Track valuation[p] in the binding site region and non-binding site region and get the data which tells exactly what you are sorting with.

How does Dr Schneider evolve the weight matrix?

The weight matrix, threshold, binding sites, and junk all evolve in concert by random point mutation.

What is the mutation rate assigned to the weight matrix? How does the threshold evolve?

All this discussion on the selection process is simply an academic exercise since there is no selection process as formulated by Unnamed and for that matter Dr Schneider’s selection method that are seen in reality. Natural selection can only determine if a particular mutation is immediately useful or harmful. If the mutation is neutral, there is no selection for or against that mutation and you are left with the probability problem without selection to evolve your genes de novo.

One of the most ardent supporters of your theory said it quite well:

Life isn't like that. Evolution has no long term goal.

Have I co-opted another evolutionarian idea?

 

[Paul C. Anagnostopoulos]

You are splitting hairs using the word “potential”. What do you think the probability is that the number of spurious bindings decrease or stay the same as the genome size increases?

I suspect it increases, but in a quite complex manner. We see creatures with ages of 6000 generations.

Really? Does your concept of Rcapacity depend on mutation rate and population when using Dr Schneider’s selection method? Any selection method that diminishes the effects of harmful mutations in the non-binding site region will converge more quickly. If you completely ignore harmful mutations in the non-binding region, you uncouple the evolution of the binding sites in the binding site region from the length of the genome. There just isn’t any basis in reality for such a selection method.

In the real world, a spurious binding in pure junk DNA would be harmless. There appears to be a basis for selection of weak and strong bindings. You can't simply dismiss it, although I agree that we don't know how the various Ev models relate to reality.

The valuation of a match binding site does not contribute to the sort value but a close to threshold but failed match in the binding site region will have a large value of valuation[p].

And a small distance from the threshold, which is what contributes to the sort value.

If gamma=16 and you start with 16 mistakes in the binding site region, you get 16*valuation[p] in the binding site region that outweighs the small number of mistakes in the non-binding site region.

It is not the valuation that is added to the sort value, but the distance between the valuation and the threshold. These distances will start out large and then diminish as the binding site valuations creep toward the threshold. They will certainly swamp a single spurious binding, but so does the current selection method. They will not swamp a swarm of spurious bindings, such as might arise from a mutation in the gene.

But I agree with you that Unnamed's selection method is weighing missing bindings more heavily than spurious bindings, as does my experiments with the missing binding mistake points set to 10. See my post #1594. This speeds up evolution by favoring a creature with, say, 2 missing bindings and 5 spurious bindings over a creature with 3 missing bindings and 0 spurious bindings. Do you think something like that can't occur in nature?
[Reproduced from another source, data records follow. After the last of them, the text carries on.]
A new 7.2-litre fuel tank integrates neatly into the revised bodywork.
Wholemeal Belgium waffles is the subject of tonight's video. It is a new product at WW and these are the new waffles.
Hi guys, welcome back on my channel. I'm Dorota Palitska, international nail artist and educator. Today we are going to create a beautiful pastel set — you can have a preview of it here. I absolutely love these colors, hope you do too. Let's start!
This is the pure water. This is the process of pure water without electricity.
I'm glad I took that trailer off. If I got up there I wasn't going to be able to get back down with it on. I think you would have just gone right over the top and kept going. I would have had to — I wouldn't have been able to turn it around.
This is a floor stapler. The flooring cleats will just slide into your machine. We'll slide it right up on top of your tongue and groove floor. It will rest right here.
What is the mutation rate assigned to the weight matrix? How does the threshold evolve?

The mutation rate is constant across the entire chromosome. Mutations are randomly applied to the entire chromsome.
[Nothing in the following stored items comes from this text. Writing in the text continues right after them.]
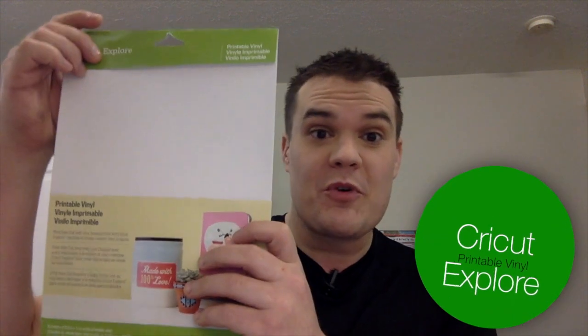Hey everyone, it's Ken with Ken's Creations. I hope you've been enjoying all of my videos on the new Cricut print-then-cut technology. It is amazing what this can do, and today I want to show you some new material that Cricut has released exclusively for the Cricut Explore print-then-cut. What we're going to take a look at today is the brand new printable vinyl.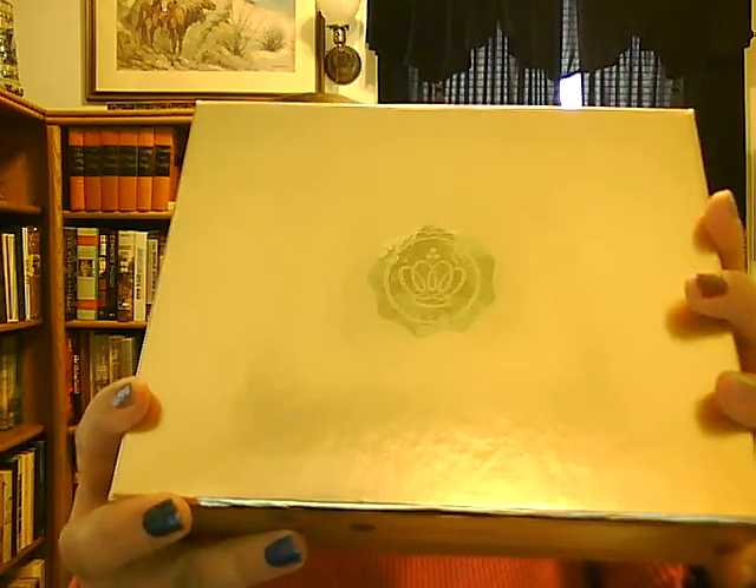Hi, Lizbeth here. I'm going to do the unboxing for the Glossy Box December 2013 holiday limited edition box. This is not part of the regular $21 subscription box — it is limited edition. I did pay $50 for it. I'm going to talk kind of quickly because there's a lot of products in here and I don't want the video to go on forever.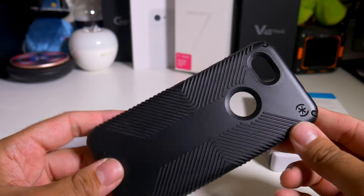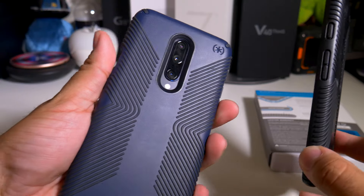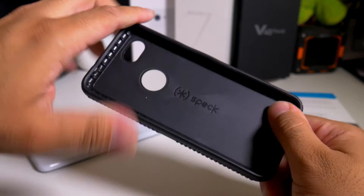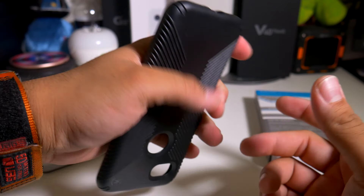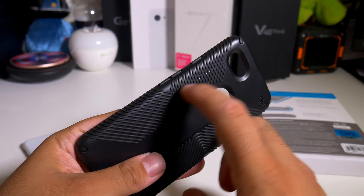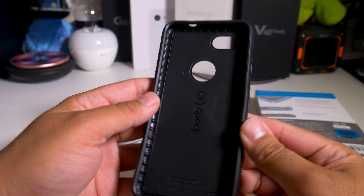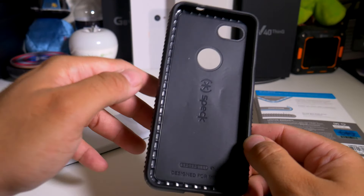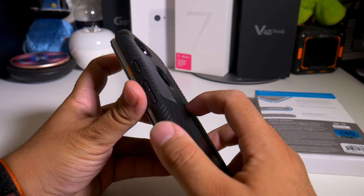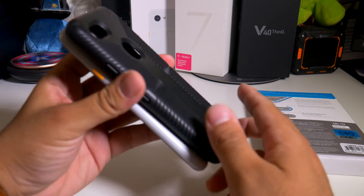As far as the case itself, it's a typical Presidio Grip. I have this on my OnePlus 7 Pro at the moment. I definitely like it in black — it's not a cheap case, it won't break easily. You have the little sides here for extra grip so you have a better hold on your phone and don't drop it. Designed for impact, the Speck Presidio Grip on the Pixel 3a also has an opening for your headphone jack right there.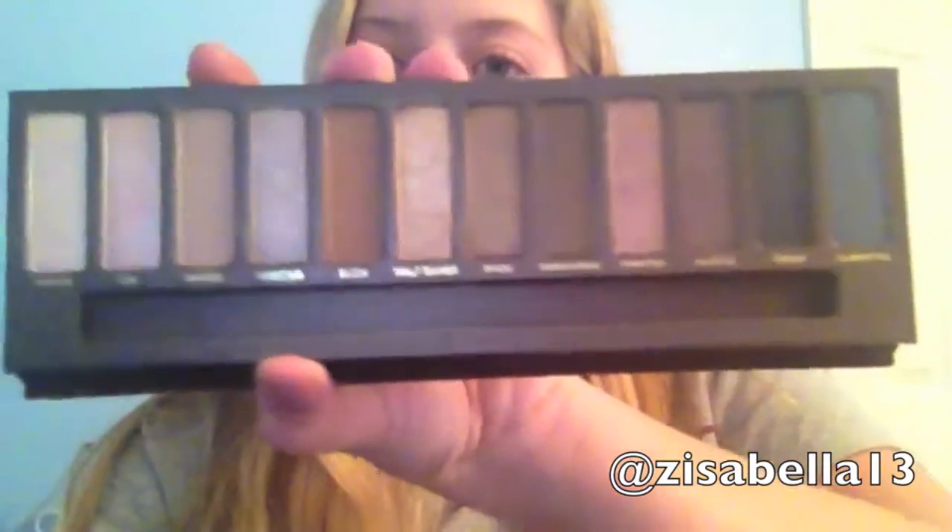I like that you can fold it back so you can just hold it while you're doing your eyeshadow and just see all the eyeshadows.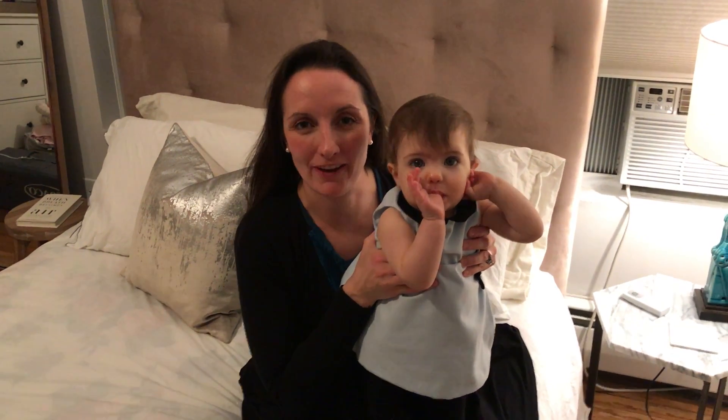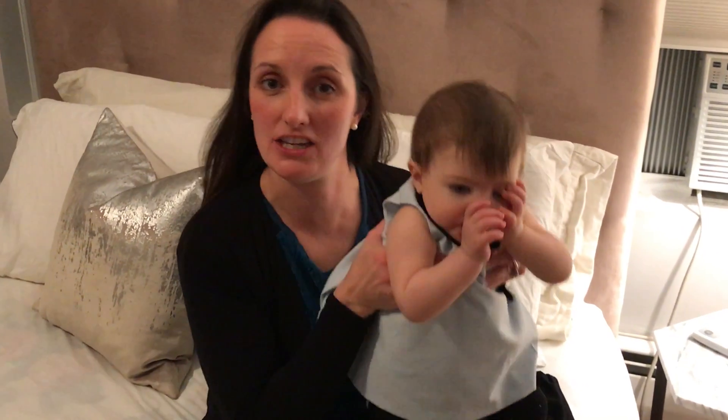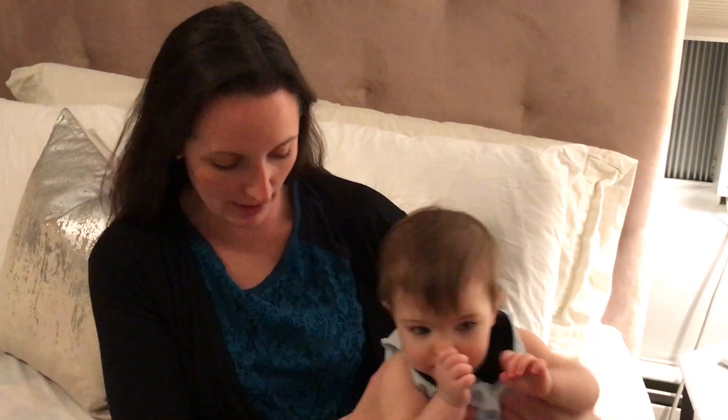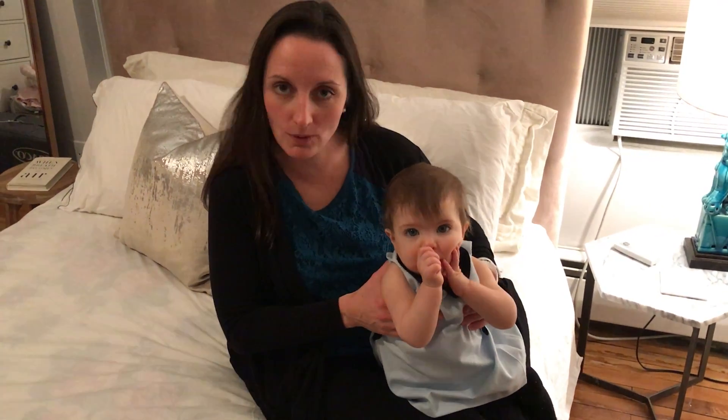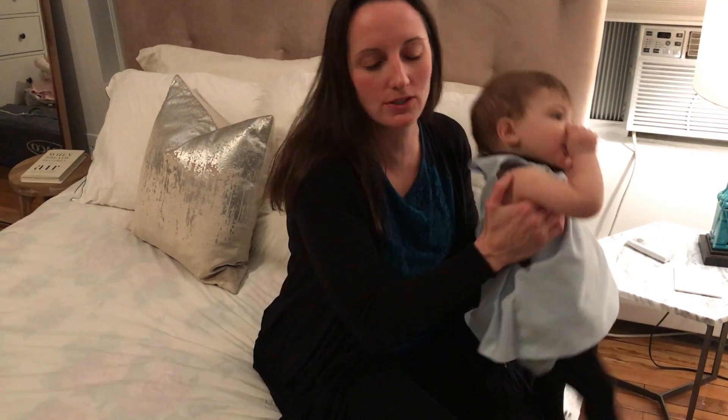Hi! I'm Good Body Good Mommy co-founder Erin, and I'm here today to show you how to turn your multitasking cardigan into a nursing cover. I am wearing mine to a party tonight. I have a very hungry baby with me and she's ready to eat. So here's what you do when you'd like to turn yours into a nursing cover.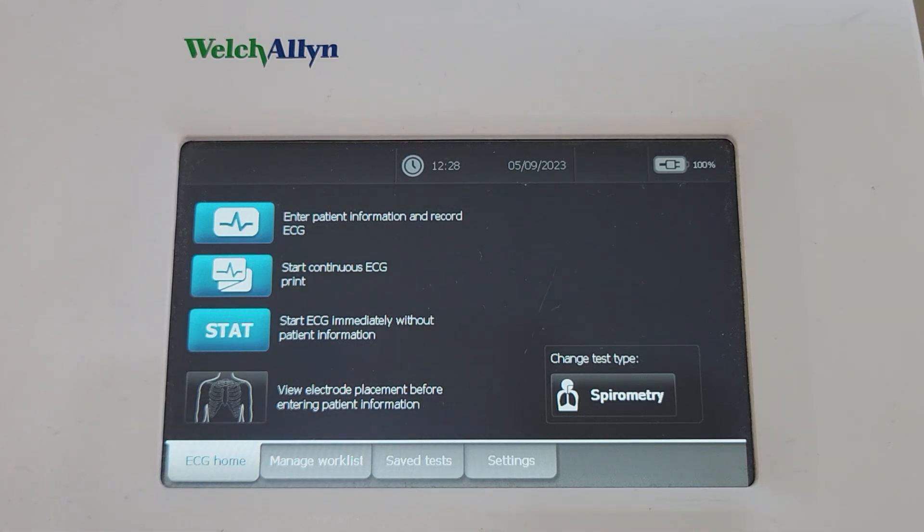This is just to show you how to save a PDF report to USB in addition to printing out your report, and this is the same whether it's for ECG or spirometry.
All this discussion on the selection process is simply an academic exercise since there is no selection process as formulated by Unnamed and for that matter Dr Schneider’s selection method that are seen in reality.
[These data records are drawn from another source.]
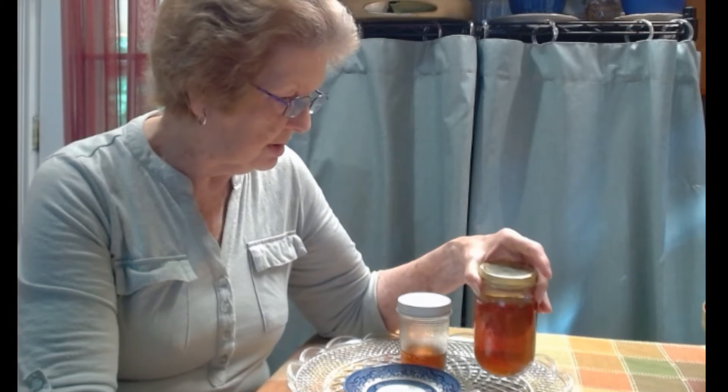So what is the best container to store honey in? It's a glass jar with a good lid on it. It doesn't have to be sealed, but it has to be tightly closed.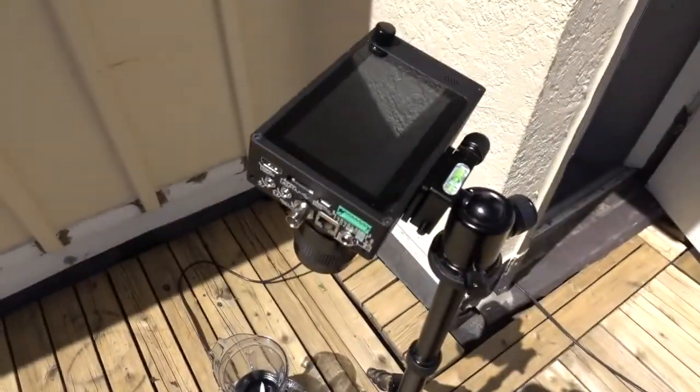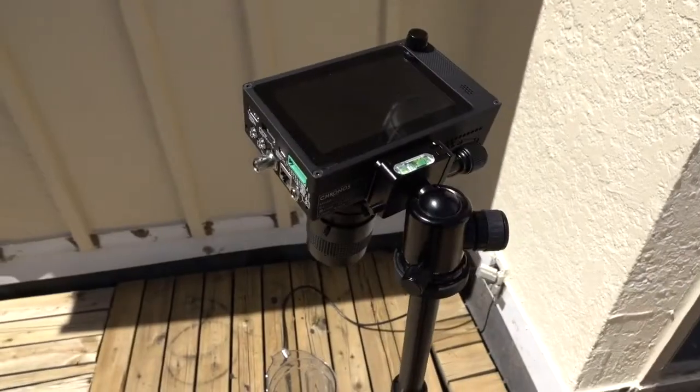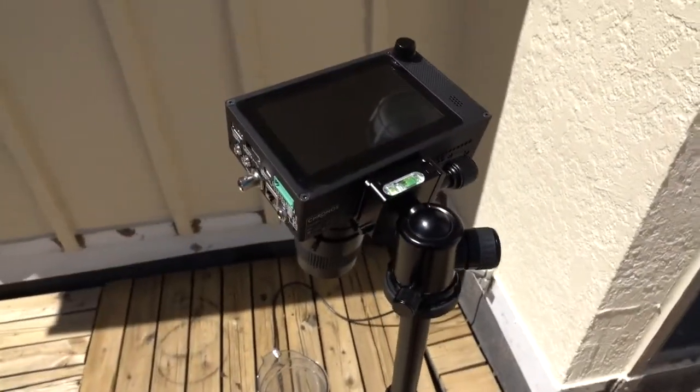Luckily we have a Chronos 1.4 high-speed camera, so I'm going to run this at 10,000 frames per second.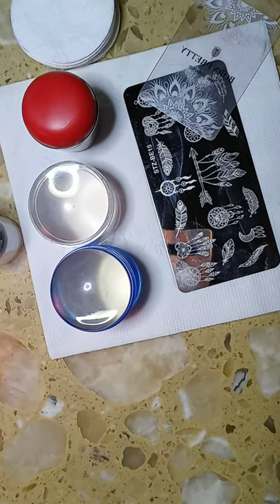Hi everyone and welcome to my channel. Today I'm going to be showing you how to nail stamp. I know that when you first start out it can be extremely frustrating and a lot of times it doesn't seem like it's worth the trouble.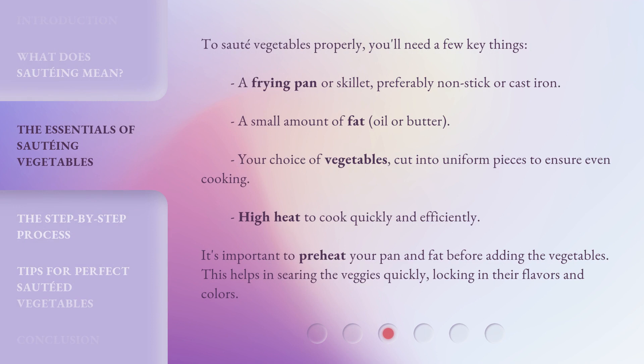To sauté vegetables properly, you'll need a few key things: a frying pan or skillet, preferably non-stick or cast iron; a small amount of fat — oil or butter; and your choice of vegetables, cut into uniform pieces to ensure even cooking.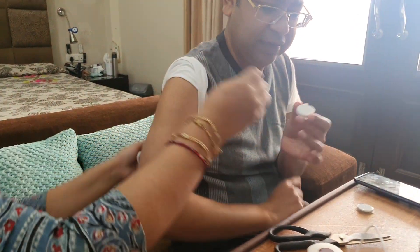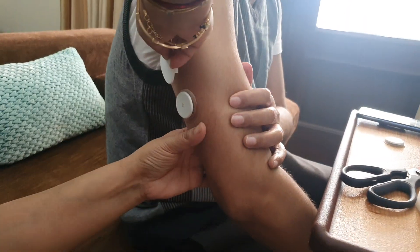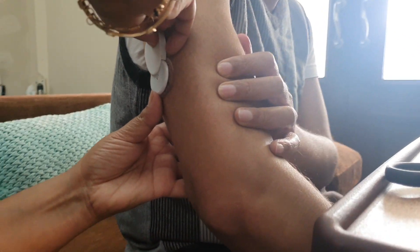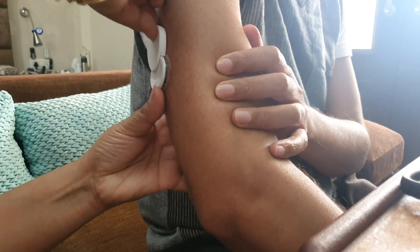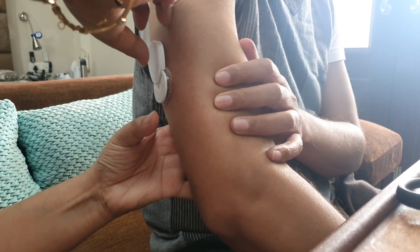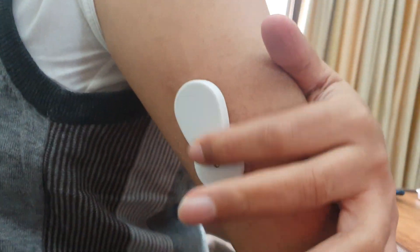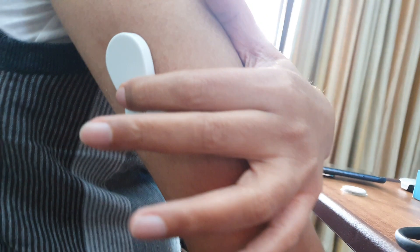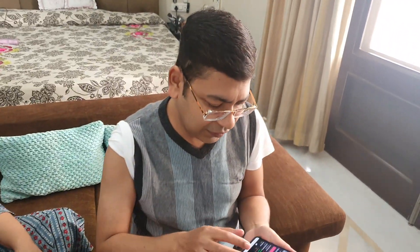Now we have the tape ready. I'm going to hand it to my wife and she is going to put it on my arm. The only thing she has to ensure is that there is no gap. Once done, it is now stuck to the sensor nicely — as you can see, this tape is pretty solid.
Then you have lost your mathematical argument against evolution.

~~ Paul

 

[joobz]

All this discussion on the selection process is simply an academic exercise since there is no selection process as formulated by Unnamed and for that matter Dr Schneider’s selection method that are seen in reality.

Then you have lost your mathematical argument against evolution.

~~ Paul

 

[CapelDodger]

Then you have lost your mathematical argument against evolution.

~~ Paul

Bish, bosh, job done. Now for stage two : the frantic row-back. I don't see this guy as a quitter. He has far too high an opinion of himself.